Category Archives: Academics

Being part of a failed movement.

Lately, I’ve been realizing I might actually be a quality leader of sorts. The reality of being a team leader is becoming more… real. I spent a week alone, made decisions on my own, and started to dream about what I wanted to see happen. I did an activity where students had to learn how to do Godly affirmation to one another (and then do it for their non-christian friends). This conveniently had time where they got to affirm me. One of the students said something really sweet that I want to keep- he said that I was like a light in the darkness, and that any time I talk to him, no matter what state he’s in, he always feels better. I’ll take that. Then I got an email earlier this week telling me that I had been invited for a big position for the Urbana conference. That also helped my self esteem. The more I go through this year, the more I’m realizing that God is preparing me for more and more leadership.

At the same time, in these past 2 or 3 weeks, I’ve been coming to a ridiculous realization that I hate failure. I fear it. It is one of my biggest fears. It is the fear that all will fall apart when I fail. I’ve been facing a lot of things that signify my failure, or at least my lack of perfection. I led 2 horrible bible studies this week. I would have puked at the horrible exegesis if I were one of the participants. Heck. I wish there were more participants. At every bible study, I had perhaps two other students sit out there with me on the tarp (forgetting that it’s midterms week). On Wednesday, I had perhaps 3 students (from ~20 last year) signed up to go to Catalina and 0 dollars in scholarship. I felt like a failure in my recruiting abilities (forgetting the fact that we are in fact in a recession when people can’t pay 225 bucks to go to a camp). Then there’s the other part of me that doesn’t even want to go to Catalina from remembering the supposed failures I had last year teaching Mark. Let’s not forget that I have a fuller class that I haven’t had time to do at all and all the work is due on the 20th. I feel failure creeping up to me with the possibility that I could do mediocre in this class. And then there’s my room, which I have failed to clean for the last 3 weeks. And then, just as I was getting over it all, while I’m finally cleaning my room, I find that something very important that my sister let me borrow has disappeared. I don’t know if it’s misplaced, or if it has been stolen. I feel the weight of failure pressing me down.

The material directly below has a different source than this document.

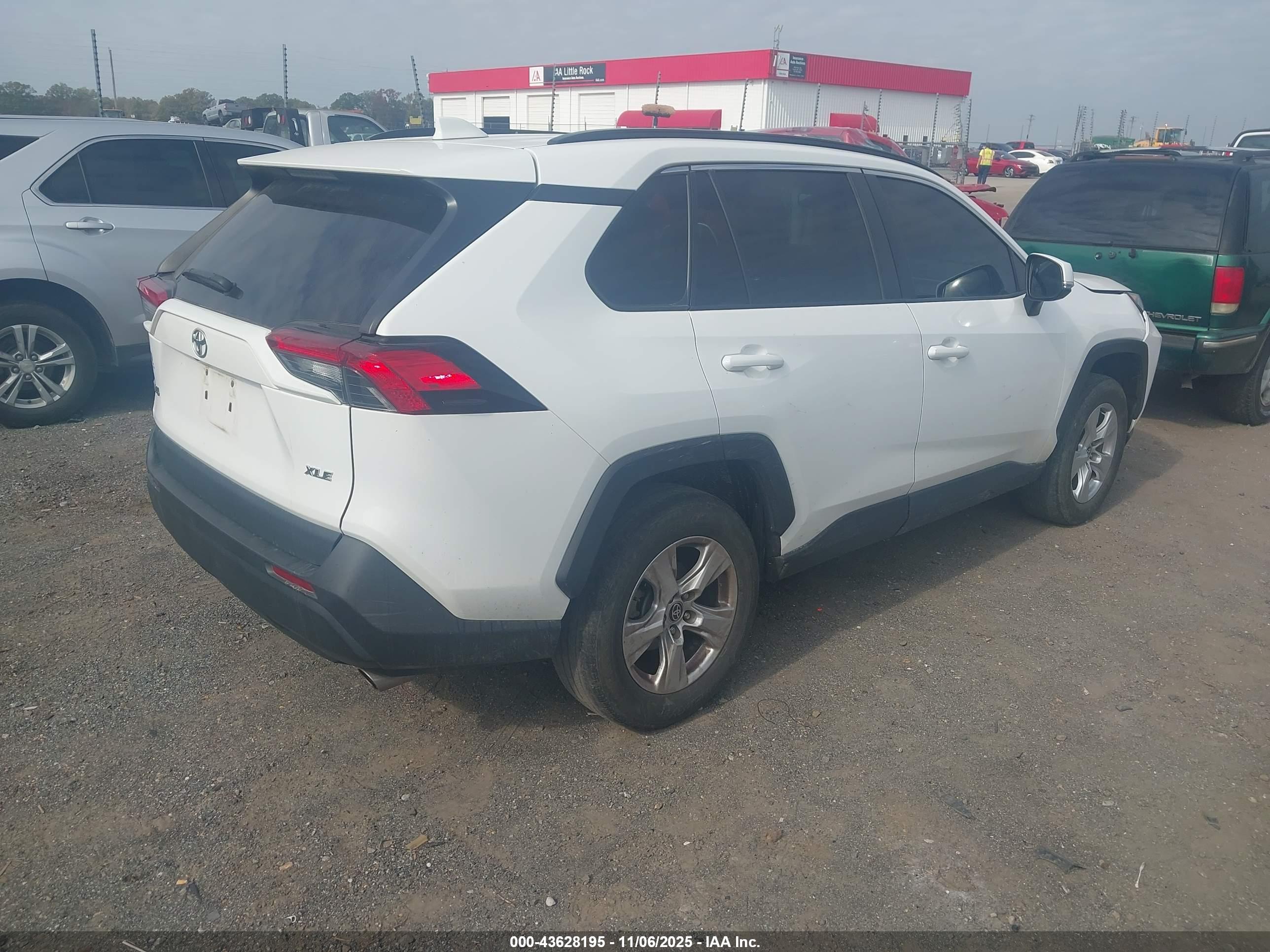 TOYOTA RAV4 image 4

I realize that I equate the successes of the Kingdom of God with my own success. I wonder how much God laughs at that assumption. But I really have the audacity to think that.

Last year, after messing up a session at Catalina (students, you probably didn’t know, but I accidentally ended early on one part, leaving my other staff worker with an extra passage to teach that she didn’t prepare), I was apologizing profusely to my co-teacher. Then our leader turned to me and just straight up said, “Stop apologizing. It’s done. Guilt doesn’t make sense right now. God meant for you to end early there. God meant for you to mess up. And He’s going to use it.” That moment has been haunting me for the past year. I’ve been avoiding returning to that moment, because part of me secretly still feels guilty for my “failure”.

Two weeks ago, I had a dream that I was driving in my car. All of a sudden I started feeling water dripping in my eyes. I kept wiping the water away, until I realized that my sunroof had cracked, and I was driving in a wild storm. My team leader interpreted it for me (she took a dream interpretation class at one of those crazy charismatic churches… I’m pretty crazy, but… yeah. That’s crazy.). She said that God was purifying my ministry. She said she was excited. I kind of felt excited, but in the back of my head I was thinking “excited? What is she smoking? Purification is never an exciting thing!”

And… God has been purifying me since. Purifying my motives for leadership. He’s weeding out my desire for success and my tendency to equate it to the success of the Kingdom of God. I’ve been realizing that as I step into higher leadership, I can’t be consumed with my performance and continue to blow up the effects of my failures. Yes, I have to still pursue excellence. But I’m not perfect. God is. And there’s the miracle. Out of the beautiful mess of our failures, God somehow breathes in the success of His Kingdom. We can’t achieve that success. God has mercy on our inability and allows us to witness His success despite and even through our failures.

I sometimes forget that Christianity started out as a failed local movement with its leader brutally nailed to a cross. And out of the ashes of failure, came the resurrection of the Kingdom that was surely of God, which transformed cowardly fishermen into the rock and foundation of a worldwide movement. Right now, I feel like that scared fisherman, wondering why I even joined this movement; wondering if my convictions were misplaced if all I see around me is failure. But perhaps I’m in this place of fear because I have not really realized that after the ultimate failure that I have witnessed, there is resurrection.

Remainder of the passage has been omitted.